Winner announced in Pellet Stove Design Challenge
A German-designed Wittus pellet stove has been named winner of the third Pellet Stove Design Challenge, an event coordinated by the Alliance for Green Heat and this year hosted by the U.S. DOE’s Brookhaven National Lab.
The competition, held April 6-8 in Upton, New York, was the third Stove Design Challenge aimed at promoting innovation in wood and pellet heating and helping consumers reduce fossil fuel heating with appliances that burn cleaner and more efficiently than average stoves.
The Wittus Pellwood, distributed by a New York cmpany, is an innovative prototype that can burn both pellets and cordwood, achieving very low emissions of less than half a gram per hour, according to John Ackerly, president of the Alliance for Green Heat.
A stove made by Seraph Industries, the smallest U.S. pellet stove manufacture, won second place, consistently burning under 1 gram per hour, and has innovative features to help and encourage the consumer to keep the stove operating well.
Brookhaven National Lab conducted extensive testing of the competition stoves and intends to share the data with the U.S. EPA, the industry and other stakeholders about the strengths and weaknesses of testing protocols. According to contest rules, each participating stove was tested three times in order to determine wither the stove operated consistently, or whether it was testing protocol that may have led to variable results.

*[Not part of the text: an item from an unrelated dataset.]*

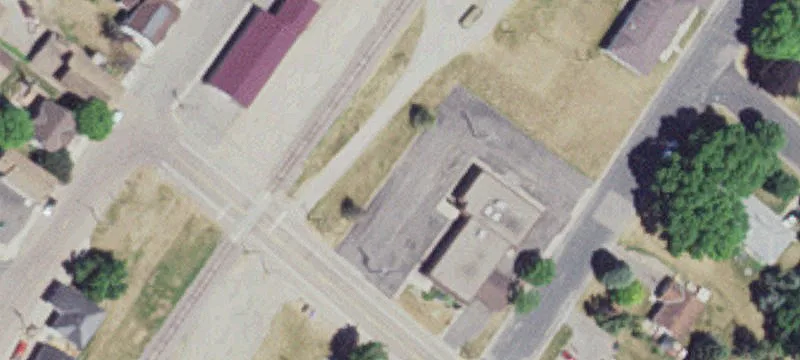 Hamburg, MN 55339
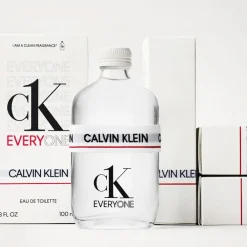 Calvin Klein CK Everyone unisex EDT No color Clearance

John Ackerly, president for the Alliance for Green Heat, told Biomass Magazine that the main goal of the competition is to explore the overall potential of the technology. “Many people think they know what a wood stove or a pellet stove is,” he says. “We want to challenge them to think of the technology in new ways, and not to see stoves as a static technology. We want to challenge the perceptions of consumers, but equally important is the renewable energy community and policymakers who steer that community.”
A diverse range of competitors participate in the event, according to Acklery. “We always like to have a healthy mix of backyard inventors, student teams and established companies, and we had all that this year,” he says. “The biggest surprise was probably Steven Spevak's gravity-fed pellet stove that can be made with a welding torch and a few hundred dollars. He ignored all the designs of conventional pellet stoves and came up with a whole new concept that is simple and ultra-efficient.”
The “grandfather of pellet stoves in the U.S.,” Jerry Whitfield, recently said that pellet stove has stagnated, Ackerly added. “In 20 years, stoves have not become cleaner or more efficient. None of the big pellet stove manufacturers will even release their actual efficiency numbers. This is not a recipe for pellet stoves to become much more accepted by consumers and incentive programs.”
The Pellet Stove Design Challenge was funded mainly by the New York State Energy Research and Development Authority, and other partners include the U.S. Forest Service, Brookhaven National Lab, state agencies from Massachusetts and Washington, and experts from Clarkson University, the Masonry Heater Association and the Osprey Foundation.
The Alliance for Green Heat is exploring a return to advanced cord wood stove technology and bring the event to the National Mall in Washington, D.C., in 2017, as it did in 2013.